30/12/56: son sözler
1947´den bu yana yıllar geçti. günlüğümü tamamlamam gerekiyor. kapatırken, kendimden eminim. bu sırrı yıllar boyunca inançla sakladım. bu benim tüm moral değerlerime ve haklarıma karşıydı. şimdi sonsuz gecenin geldiğini hissediyorum ve bu sır benimle beraber ölmemeli. ama gerçek eninde sonunda galip gelecek. insanlığın tek umudu bu. gerçeği görüyorum ve ruhum bir an önce serbest kalmak için çırpınıyor. askeri canavarlığın kalbi olan endüstri için görevimi yaptım. şimdi uzun gece başlıyor ama bu bir son olmayacak. uzun artrik gecesinde olduğu gibi, gerçeğin parlak güneş ışığı yine gelecek ve karanlıklardan ışık doğacak. çünkü ben kutbun ötesinde varolan ülkede en büyük bilinmeyeni gördüm.
amiral richard e. byrd
abd deniz kuvvetleri 24 aralık 1956
agarthaya yolculuk yaptığını iddia eden amiral byrd günlüğünde şunları yazıyor:
"kuzey kutbu´nda bir keşif uçuşu
iç dünya; benim gizli günlüğüm"
bu günlüğü gizlilik içinde yazmalıyım. yazdıklarım arktik´de 1947 yılı şubat´ının 19. gününde yaptığım uçuşla ilgili. zamanı geldiğinde, muhakkak insanlar daha akıllı olacaklar ve kaçınılmaz gerçeği kabul edecekler. yazdıklarımı açıklamak özgürlüğüne sahip değilim, belki de bunlar asla toplumsal bir incelemenin ışığını asla göremeyecektir ama birgün herkesin okuyabilmesi için bunları kaydetmek benim görevim. bu açgözlü ve sömürücü dünyada kesin eminim ki, insanoğlu gerçekleri daha fazla bastıramayacaktır.
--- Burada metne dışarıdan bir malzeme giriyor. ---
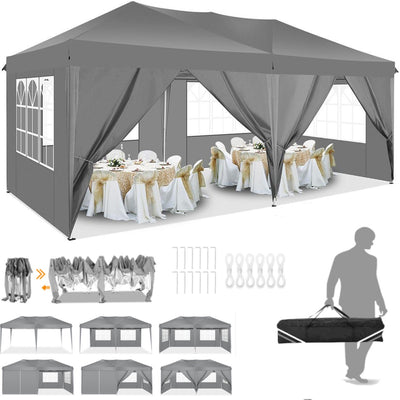 Hoteel 10x20ft Pop up Canopy, Fully Waterproof Canopy Tent with Sidewalls for Outdoor Sports, Black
bu olayın yaşandığı yerleri gösteren haritayı görmek için tıklayın
"uçuş seyir defteri" 19 şubat 1947-artrik üssü kampı
saat 06:00: tüm hazırlıklar tamamlandı. kuzeye doğru uçacağım, tüm yakıt depoları dolduruldu.
saat 06:20: sancak motoru daha güçlü gibi. ayarlama yaptık, şimdi daha iyi.
saat 07:30: üsle radyo ilişkisi kontrolu yaptık. herşey yolunda. telsizcim memnun.
saat 07:40: sancak motorunda zayıf bir akıntı var gibi. yağ basıncı normal.
saat 08:00: uçuyorum. uçuş normal görünüyor. 7.000 metrede uçuyorum. türbulans normal. herşey yolunda.
saat 08:15: üsle telsiz kontrolu normal.
saat 08:30: türbulans oluştu. bin metreye kadar inmeye karar verdim, uçuş koşulları yumuşak görünüyor.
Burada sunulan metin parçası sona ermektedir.